* [Work item]
Exact reproduction is required for the lines below starting at the line with "Professional Crimping Tool" and ending at the line with "versace hair accessories", both included. No other lines, and no pictures.

* [Data extract]
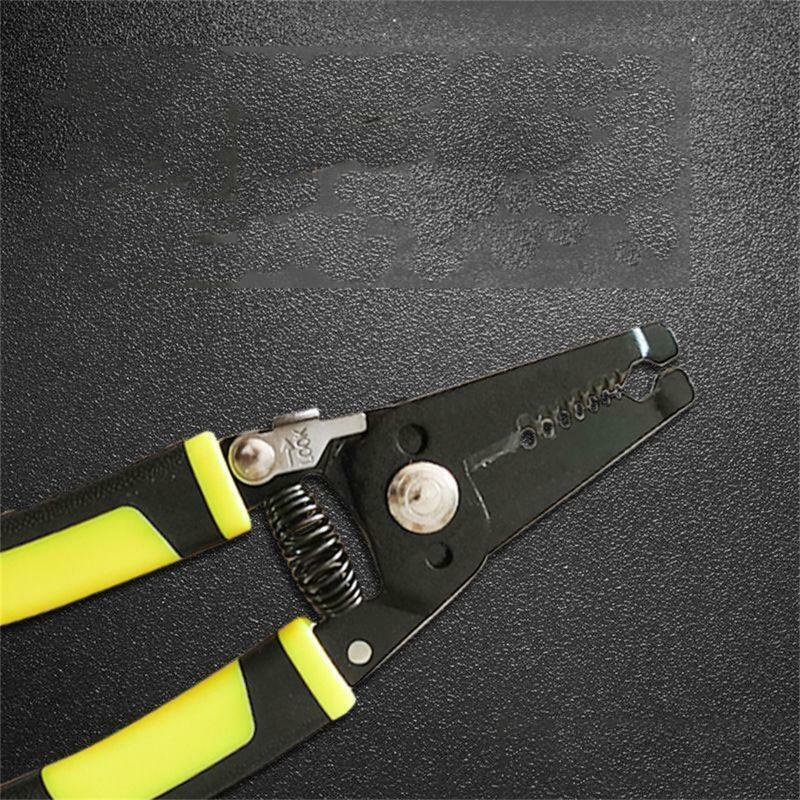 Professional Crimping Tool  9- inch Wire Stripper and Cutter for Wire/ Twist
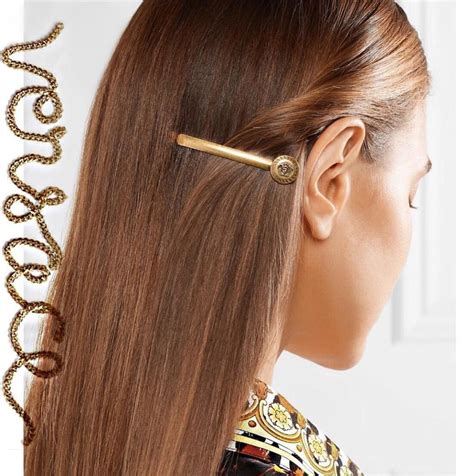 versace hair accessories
...
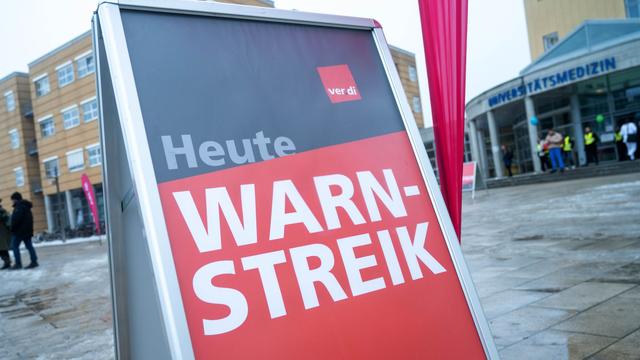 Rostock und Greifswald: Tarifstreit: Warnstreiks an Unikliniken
---
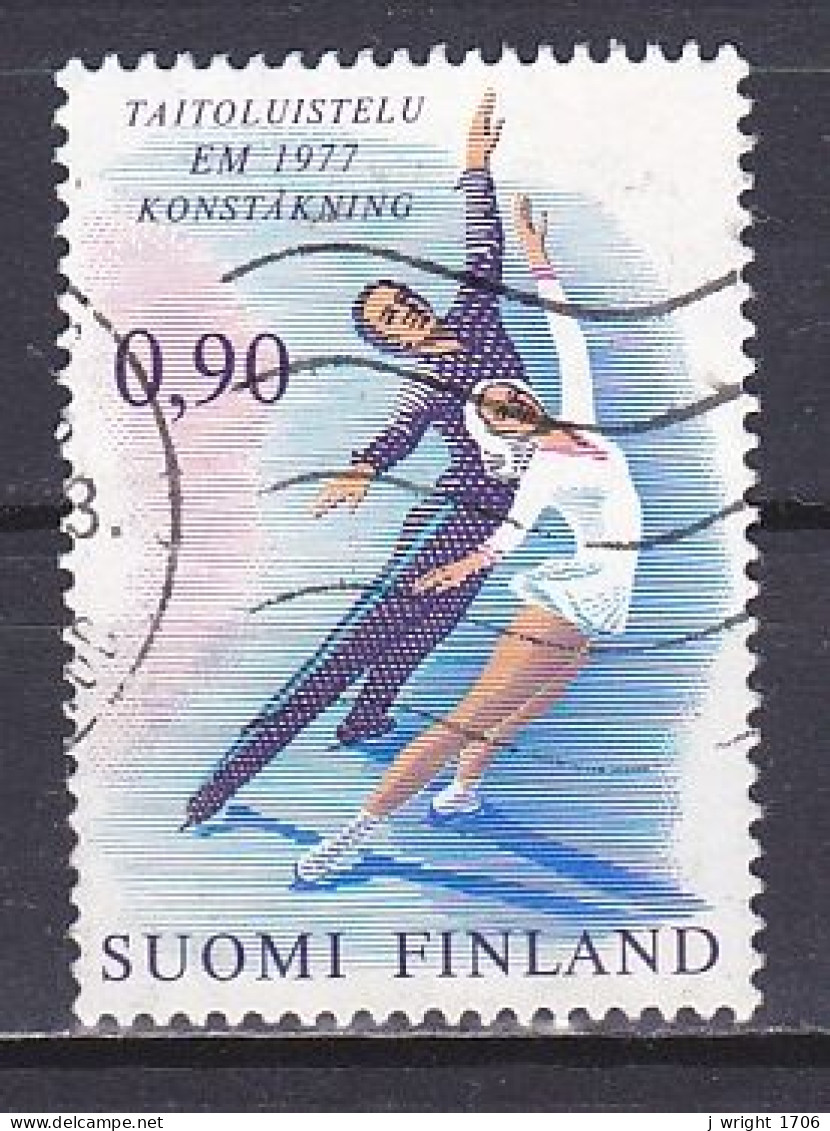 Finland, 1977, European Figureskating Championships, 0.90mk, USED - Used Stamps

* [Result of the exercise]
 Professional Crimping Tool  9- inch Wire Stripper and Cutter for Wire/ Twist
 versace hair accessories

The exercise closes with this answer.